As President Roosevelt said, “There is one front and one battle where everyone in the United States—every man, woman and child—is in action, and will be privileged to remain in action throughout this war. That front is right here at home, in our daily lives and in our daily tasks”.

As you know, we are at war with a pandemic—the COVID-19 virus. And, like the greatest generation, we can fight this common enemy with sacrifice in our daily lives and our daily tasks.

We must:

- Stay home if you’re sick
- Wash or sanitize your hands
- Stay at least six feet apart from each other
- Wear masks or facial coverings—it’s the law now

I know this is difficult. I know going into Independence Day weekend you want to spend time with your family and friends. And, you can, but in a much different way than any other year of your life. We must practice these social distancing rules.

The greatest generation sacrificed for almost four years to defeat the Axis Powers. Our fight is much shorter, and our sacrifices are much less onerous. So, I know we can do this.

Together, we can stay apart and slow this virus by making small sacrifices for the common good.

Reimagining Policing: As I told you last week, we are working every day to improve our Memphis Police Department and its relationship with the public. I also said that we would come up with a process by which more citizens can express their opinions and make proposals.

The foundation for every relationship is based on trust and that trust is built on honesty and transparency. In an effort to continue building that trust with the public, we announced earlier in this week the creation a new website for the department—https://reimagine.memphistn.gov/.

On this new site, citizens can file a complaint or commend an officer; view policies, procedures, and demographics of the Memphis Police Department; and, our commitment to the Six Pillars of 21st century policing as recommended by members of President Obama’s Task Force on 21st Century Policing.

This new site will provide proper guidance and understanding to any individual or group interested in truly learning what our officers do and don’t do. And, importantly, it will also allow everyone to submit questions, suggestions, and general feedback about how we can be better.

Last week, we announced significant progress from our meetings with DeVante Hill, Frank Gotti and their group.
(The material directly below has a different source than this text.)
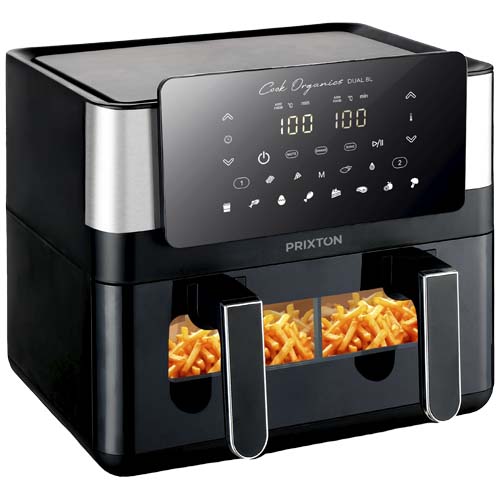 Prixton Cook Organics podwójna frytkownica beztłuszczowa o pojemności 8 l Czarny 1PA18490 (4)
Based on those meetings, discussions with City Council, and work already completed by the Memphis Police Department, my administration agreed to:

  1. Match the guidelines in “8 Can’t Wait”
  2. Ban no-knock warrants
  3. Strengthen CLERB
  4. Work with the Memphis Police Association to improve the language in the MOU to enhance accountability and clearly set forth that violation of excessive force is a fireable offense
  5. Work together to improve our implicit bias training.

As I said last week, Black Lives Matter Memphis made dozens of recommendations, and these are being studied by our team.
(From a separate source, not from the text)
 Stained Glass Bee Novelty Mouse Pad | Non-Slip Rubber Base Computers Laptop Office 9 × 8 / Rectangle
With respect to other groups who have submitted recommendations like, MICAH, a group of Memphis nonprofits, and the Democratic Socialists of America Memphis Chapter—we agree with and have implemented most of their suggestions, such as those listed above. The only items concerning policing on which we disagree are:

  1. Defunding the Memphis Police Department
  2. Prohibiting the use of chokeholds even if the life of the officer is in danger
  3. Prohibiting firing a gun into a vehicle even if the life of the officer or a citizen is in danger
  4. Prohibiting the use of tear gas or rubber bullets under any circumstances
  5. Placing a hold on any and all I.C.E. operations in Memphis (it is beyond the authority of a city to “place a hold” on federal operations).

I would also like to take a second to reiterate a point that far too often here locally and on the national level is either overlooked or just simply not reported.

While there are definitely bad officers out there, the overwhelming majority of our officers here in Memphis, and I’ll venture to say nationwide, are honest, decent, and hard-working men and women who love their jobs and the communities they serve.

They put on the uniform every day, and they protect and serve all of us with honor, dignity and respect.

From one very grateful citizen, I want to say thank you.

As I’ve said before, we will continue to work every day to do better—to be better for every Memphian.